=== Safe Paste ===
Contributors: samuelaguilera
Donate link: https://www.paypal.com/cgi-bin/webscr?cmd=_s-xclick&hosted_button_id=8ER3Y2THBMFV6
Tags: strip tags, html, tinymce, post content, editor, wysiwyg
Requires at least: 3.0
Tested up to: 3.4.2
Stable tag: 1.1
License: GPL2

Removes a lot of HTML tags from post and page content before inserting it to database. Preventing users to paste undesired HTML tags to content.

== Description ==

WordPress do a great job by default filtering potentially dangerous code inside your content. So this plugin is NOT about security.

But people can break your site design without compromising your security... That's the purpose of this little plugin.

Do you have users that creates content for you?. Do you own an online Magazine?

If you answer yes to at least one of the above questions, I'm sure you have minor design troubles in your site because of your users using copy/paste (ofcourse without using TinyMCE buttons to remove code) while not being aware of all the HTML tags they are pasting...

This plugin simply removes a lot of HTML tags (and HTML entities) from post and page content before inserting it to database. Preventing users (including you) to paste undesired HTML tags to the content.

It only does his work while you're editing your post/page (it can be in any status).

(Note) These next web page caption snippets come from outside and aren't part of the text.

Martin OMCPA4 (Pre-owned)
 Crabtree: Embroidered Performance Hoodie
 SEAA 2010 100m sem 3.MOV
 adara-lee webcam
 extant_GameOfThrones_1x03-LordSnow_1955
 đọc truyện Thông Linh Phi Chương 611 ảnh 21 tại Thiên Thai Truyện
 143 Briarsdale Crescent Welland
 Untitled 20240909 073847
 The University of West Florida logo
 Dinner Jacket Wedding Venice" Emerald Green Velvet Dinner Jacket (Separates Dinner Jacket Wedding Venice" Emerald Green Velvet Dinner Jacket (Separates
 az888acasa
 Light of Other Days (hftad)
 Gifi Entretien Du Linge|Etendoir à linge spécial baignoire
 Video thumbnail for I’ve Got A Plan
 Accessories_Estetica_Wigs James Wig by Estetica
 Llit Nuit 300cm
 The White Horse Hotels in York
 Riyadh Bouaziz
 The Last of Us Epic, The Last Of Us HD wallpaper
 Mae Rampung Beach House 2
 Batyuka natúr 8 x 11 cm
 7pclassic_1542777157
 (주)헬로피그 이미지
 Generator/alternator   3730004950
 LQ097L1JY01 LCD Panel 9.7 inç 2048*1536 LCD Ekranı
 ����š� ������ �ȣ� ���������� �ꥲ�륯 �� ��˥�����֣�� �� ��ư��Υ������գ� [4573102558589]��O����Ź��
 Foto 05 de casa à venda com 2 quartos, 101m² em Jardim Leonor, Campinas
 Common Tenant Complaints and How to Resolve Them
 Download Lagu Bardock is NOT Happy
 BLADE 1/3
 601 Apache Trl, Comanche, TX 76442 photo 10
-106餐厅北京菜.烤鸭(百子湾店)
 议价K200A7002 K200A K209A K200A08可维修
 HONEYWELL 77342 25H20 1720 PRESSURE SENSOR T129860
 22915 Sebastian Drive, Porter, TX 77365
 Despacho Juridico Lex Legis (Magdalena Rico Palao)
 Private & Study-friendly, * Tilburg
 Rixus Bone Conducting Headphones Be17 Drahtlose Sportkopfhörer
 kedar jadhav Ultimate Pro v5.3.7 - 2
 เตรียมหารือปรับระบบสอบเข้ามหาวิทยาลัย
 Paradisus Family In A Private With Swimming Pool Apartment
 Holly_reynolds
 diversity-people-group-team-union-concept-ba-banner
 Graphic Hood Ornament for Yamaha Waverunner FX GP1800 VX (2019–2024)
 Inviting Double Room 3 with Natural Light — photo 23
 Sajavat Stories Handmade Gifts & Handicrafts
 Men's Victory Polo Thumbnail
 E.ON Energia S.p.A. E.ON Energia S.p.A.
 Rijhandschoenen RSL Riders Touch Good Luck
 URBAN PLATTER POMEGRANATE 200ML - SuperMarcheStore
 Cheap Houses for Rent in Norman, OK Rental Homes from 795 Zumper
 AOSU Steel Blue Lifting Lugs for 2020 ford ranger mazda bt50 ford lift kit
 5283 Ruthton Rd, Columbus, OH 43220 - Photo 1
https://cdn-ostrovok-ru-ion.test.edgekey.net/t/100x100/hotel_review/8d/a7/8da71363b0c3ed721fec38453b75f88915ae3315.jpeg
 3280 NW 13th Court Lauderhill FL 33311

So it'll do the job on the new post/pages you create after the activation of the plugin and in old content that you edit after the plugin activation.

These are the HTML tags that stays:

&lt;p&gt;
&lt;a&gt; (allowed attributes: href, title).
&lt;img&gt; (allowed attributes: src, alt, class).
&lt;h1&gt;
&lt;h2&gt;
&lt;h3&gt;
&lt;h4&gt;
&lt;h5&gt;
&lt;h6&gt;
&lt;blockquote&gt;
&lt;ol&gt;
&lt;ul&gt;
&lt;li&gt;
&lt;em&gt;
&lt;strong&gt;
&lt;del&gt;

Any other HTML tag (or attributes) should be removed.

= Features =

* <a href="http://en.wikipedia.org/wiki/KISS_principle">KISS</a> philosofy :)

= Requirements =

* WordPress 3.x or higher.
    	
== Installation ==

* Extract the zip file and just drop the contents in the <code>wp-content/plugins/</code> directory of your WordPress installation (or install it directly from your dashboard) and then activate the plugin from Plugins page.
* Nothing more! No settings page (for the moment), just activate or deactivate it.
  
== Frequently Asked Questions ==

= Will this plugin works in WordPress older than 3.x? =

Maybe... But the question is... WTF are you using anything older than that?

= Are you planning to add more features? =

Maybe adding a settings page to choose wich tags to remove or leave and setting an user level to apply the filter.

== Changelog ==

= 1.1 =

* Changed: Now using WP function wp_kses instead of generic PHP strip_tags. This change also allow to use cforms plugin, that uses HTML comments to insert their forms (a very bad method by the way, should use shortcodes instead).
* Added: Allow only http and https protocols in post/page content.

= 1.0 =

* Initial release.

== Upgrade Notice ==

= 1.1 =
Recommended upgrade. Fixed cforms compatibility.